__MATERIAL FOR THIS TASK__.
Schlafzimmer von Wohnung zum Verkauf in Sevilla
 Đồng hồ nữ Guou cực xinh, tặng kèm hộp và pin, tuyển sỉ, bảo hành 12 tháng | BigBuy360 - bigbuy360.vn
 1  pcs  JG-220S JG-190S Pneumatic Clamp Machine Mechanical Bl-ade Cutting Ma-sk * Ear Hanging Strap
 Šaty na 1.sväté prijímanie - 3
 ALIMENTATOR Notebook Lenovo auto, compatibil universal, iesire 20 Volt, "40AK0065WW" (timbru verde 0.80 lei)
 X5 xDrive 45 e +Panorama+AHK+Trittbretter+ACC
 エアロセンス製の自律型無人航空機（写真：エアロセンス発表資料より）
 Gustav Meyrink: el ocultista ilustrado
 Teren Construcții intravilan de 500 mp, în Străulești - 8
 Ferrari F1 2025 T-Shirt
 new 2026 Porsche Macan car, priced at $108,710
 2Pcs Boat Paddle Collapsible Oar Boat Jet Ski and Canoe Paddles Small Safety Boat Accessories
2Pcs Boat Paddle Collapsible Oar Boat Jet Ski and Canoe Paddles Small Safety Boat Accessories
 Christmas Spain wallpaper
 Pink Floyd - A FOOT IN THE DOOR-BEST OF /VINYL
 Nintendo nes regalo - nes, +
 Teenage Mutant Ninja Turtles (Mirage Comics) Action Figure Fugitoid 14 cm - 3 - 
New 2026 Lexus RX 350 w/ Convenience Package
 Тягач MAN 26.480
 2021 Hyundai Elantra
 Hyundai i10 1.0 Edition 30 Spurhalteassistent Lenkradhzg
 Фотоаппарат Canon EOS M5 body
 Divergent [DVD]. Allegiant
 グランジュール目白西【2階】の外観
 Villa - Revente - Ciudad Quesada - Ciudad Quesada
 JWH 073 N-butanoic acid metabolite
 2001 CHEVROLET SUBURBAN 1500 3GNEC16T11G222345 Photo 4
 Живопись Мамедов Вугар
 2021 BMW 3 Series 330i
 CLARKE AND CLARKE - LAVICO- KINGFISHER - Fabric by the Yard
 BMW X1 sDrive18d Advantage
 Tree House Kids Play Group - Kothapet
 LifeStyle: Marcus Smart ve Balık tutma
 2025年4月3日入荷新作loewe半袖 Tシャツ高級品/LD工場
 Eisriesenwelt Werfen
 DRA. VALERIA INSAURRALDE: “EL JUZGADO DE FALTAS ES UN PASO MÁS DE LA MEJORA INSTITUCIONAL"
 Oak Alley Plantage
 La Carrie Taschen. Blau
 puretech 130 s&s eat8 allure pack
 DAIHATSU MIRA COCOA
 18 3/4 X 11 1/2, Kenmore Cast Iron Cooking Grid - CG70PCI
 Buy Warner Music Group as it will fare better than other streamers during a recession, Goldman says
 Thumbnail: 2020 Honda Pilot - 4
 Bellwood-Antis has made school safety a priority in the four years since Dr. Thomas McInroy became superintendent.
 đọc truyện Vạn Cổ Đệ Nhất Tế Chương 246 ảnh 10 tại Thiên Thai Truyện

__WHAT IS BEING ASKED__. Reproduce, word for word and in full, only the lines above that start at the line with "Живопись Мамедов Вугар" and run through the line with "Bellwood-Antis has made", both ends included.

__OUTPUT BELOW__.
 Живопись Мамедов Вугар
 2021 BMW 3 Series 330i
 CLARKE AND CLARKE - LAVICO- KINGFISHER - Fabric by the Yard
 BMW X1 sDrive18d Advantage
 Tree House Kids Play Group - Kothapet
 LifeStyle: Marcus Smart ve Balık tutma
 2025年4月3日入荷新作loewe半袖 Tシャツ高級品/LD工場
 Eisriesenwelt Werfen
 DRA. VALERIA INSAURRALDE: “EL JUZGADO DE FALTAS ES UN PASO MÁS DE LA MEJORA INSTITUCIONAL"
 Oak Alley Plantage
 La Carrie Taschen. Blau
 puretech 130 s&s eat8 allure pack
 DAIHATSU MIRA COCOA
 18 3/4 X 11 1/2, Kenmore Cast Iron Cooking Grid - CG70PCI
 Buy Warner Music Group as it will fare better than other streamers during a recession, Goldman says
 Thumbnail: 2020 Honda Pilot - 4
 Bellwood-Antis has made school safety a priority in the four years since Dr. Thomas McInroy became superintendent.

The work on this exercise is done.